**Description of the task:**
Give the records again exactly. Pictures do not belong in the copy.

**Input:**
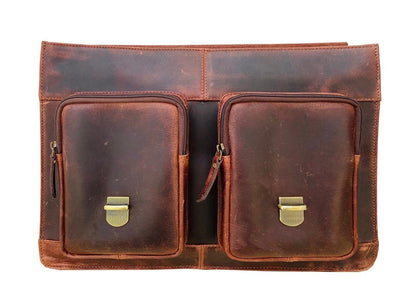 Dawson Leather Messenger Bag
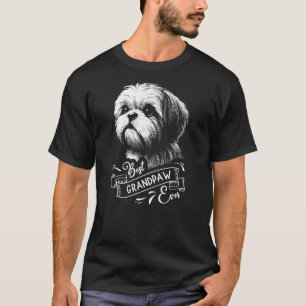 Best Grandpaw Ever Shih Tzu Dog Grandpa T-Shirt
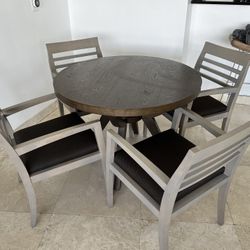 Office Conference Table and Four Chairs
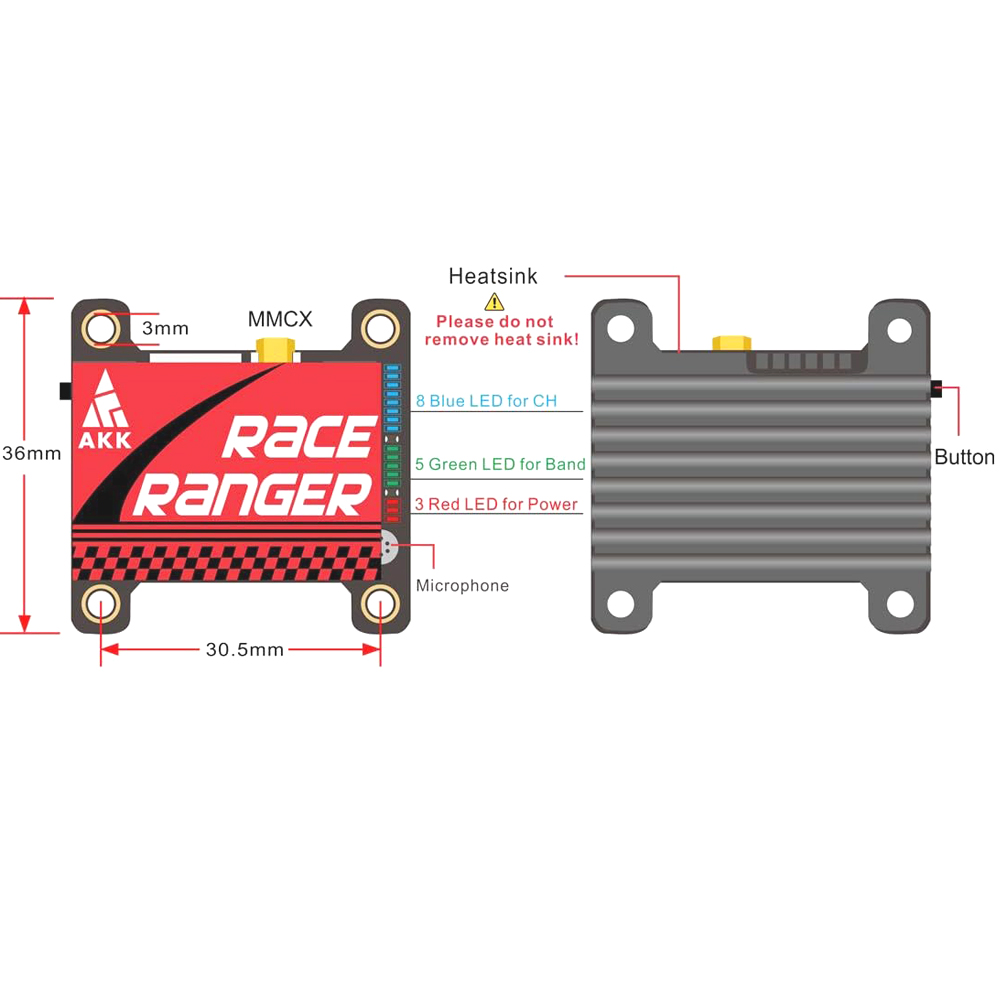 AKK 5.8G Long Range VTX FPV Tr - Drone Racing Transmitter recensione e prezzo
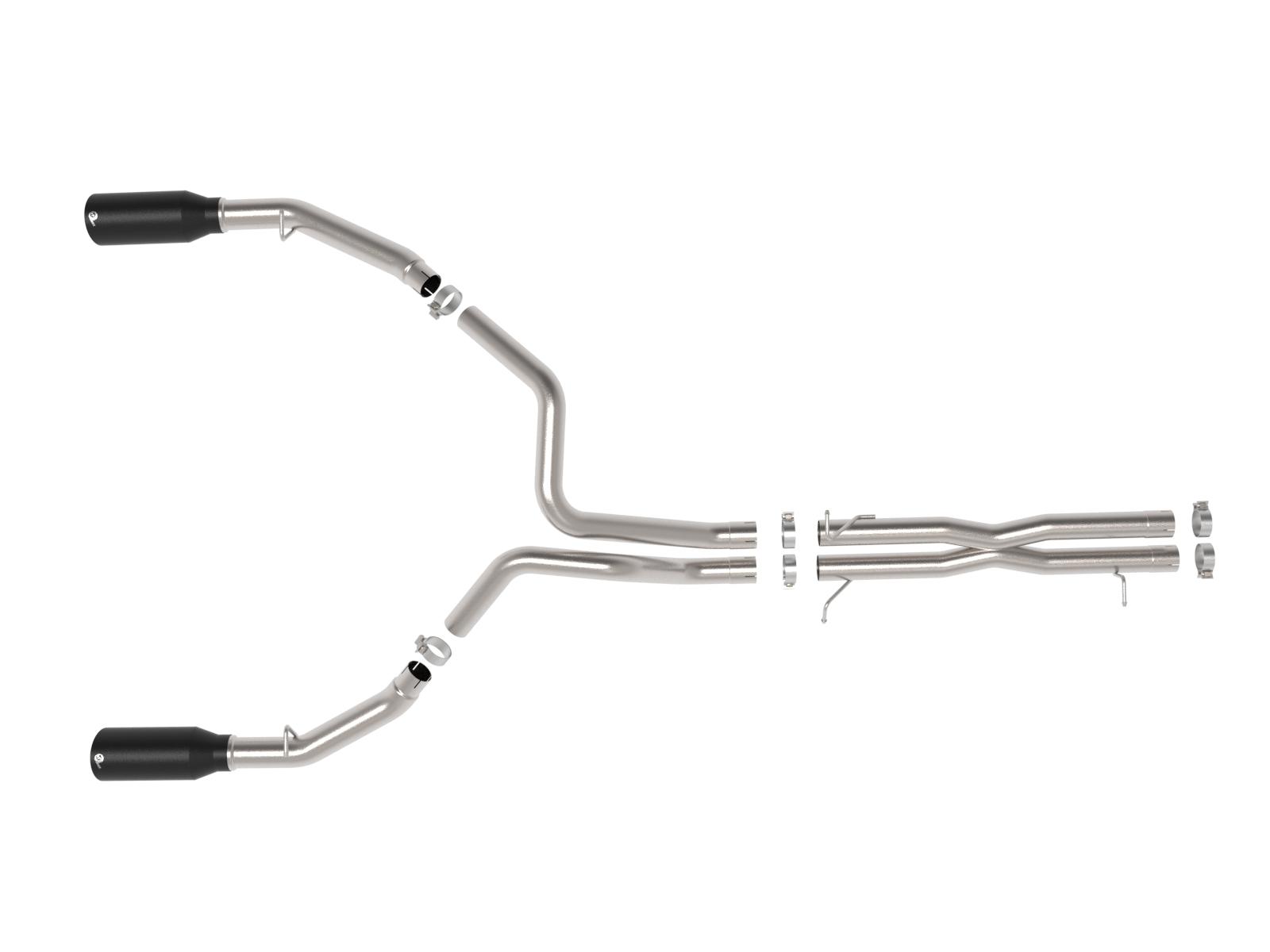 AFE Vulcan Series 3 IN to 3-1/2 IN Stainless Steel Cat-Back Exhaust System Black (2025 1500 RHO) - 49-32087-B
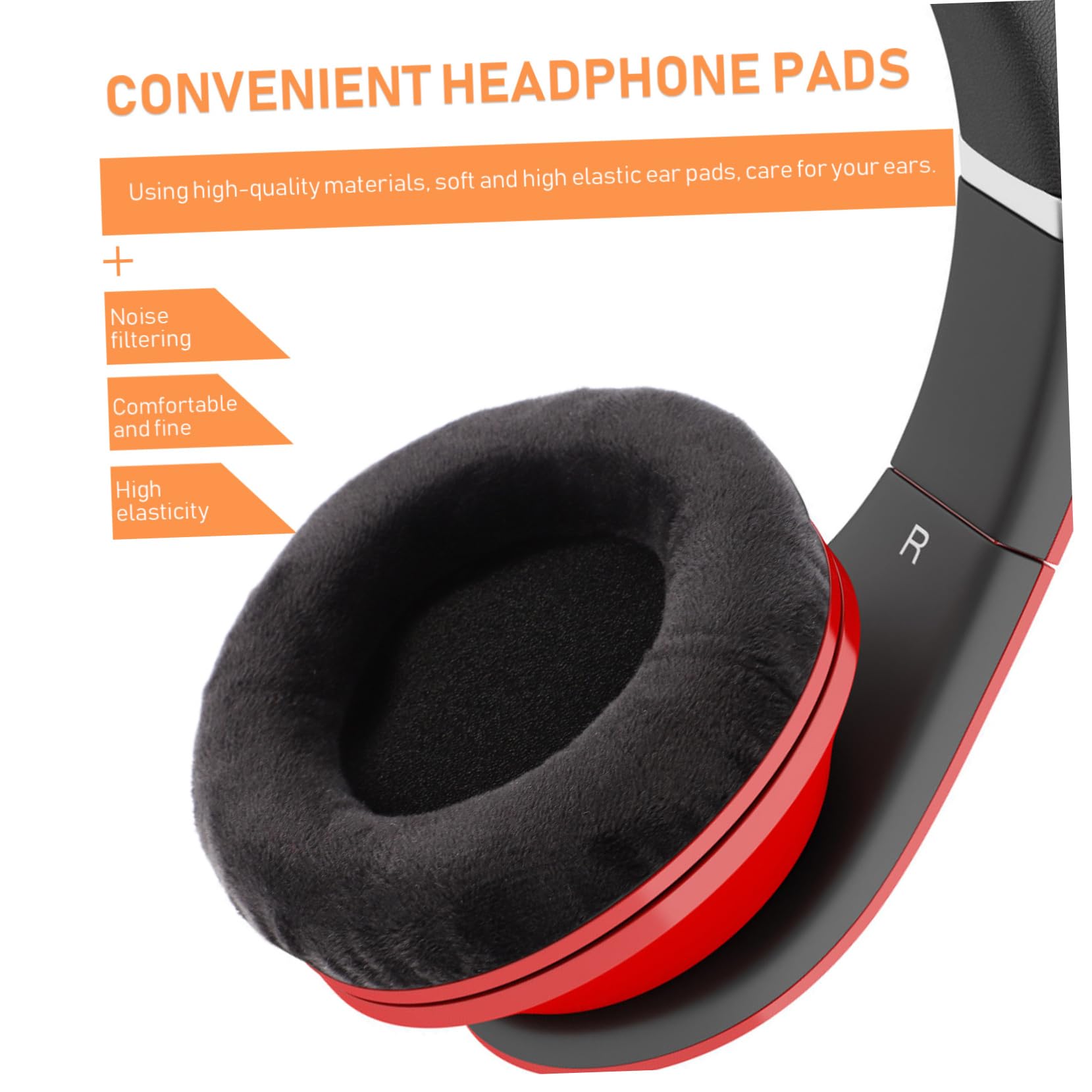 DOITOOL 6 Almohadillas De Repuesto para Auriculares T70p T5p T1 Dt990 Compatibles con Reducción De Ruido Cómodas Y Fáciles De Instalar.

**The answer:**
 Dawson Leather Messenger Bag
 Best Grandpaw Ever Shih Tzu Dog Grandpa T-Shirt
 Office Conference Table and Four Chairs
 AKK 5.8G Long Range VTX FPV Tr - Drone Racing Transmitter recensione e prezzo
 AFE Vulcan Series 3 IN to 3-1/2 IN Stainless Steel Cat-Back Exhaust System Black (2025 1500 RHO) - 49-32087-B
 DOITOOL 6 Almohadillas De Repuesto para Auriculares T70p T5p T1 Dt990 Compatibles con Reducción De Ruido Cómodas Y Fáciles De Instalar.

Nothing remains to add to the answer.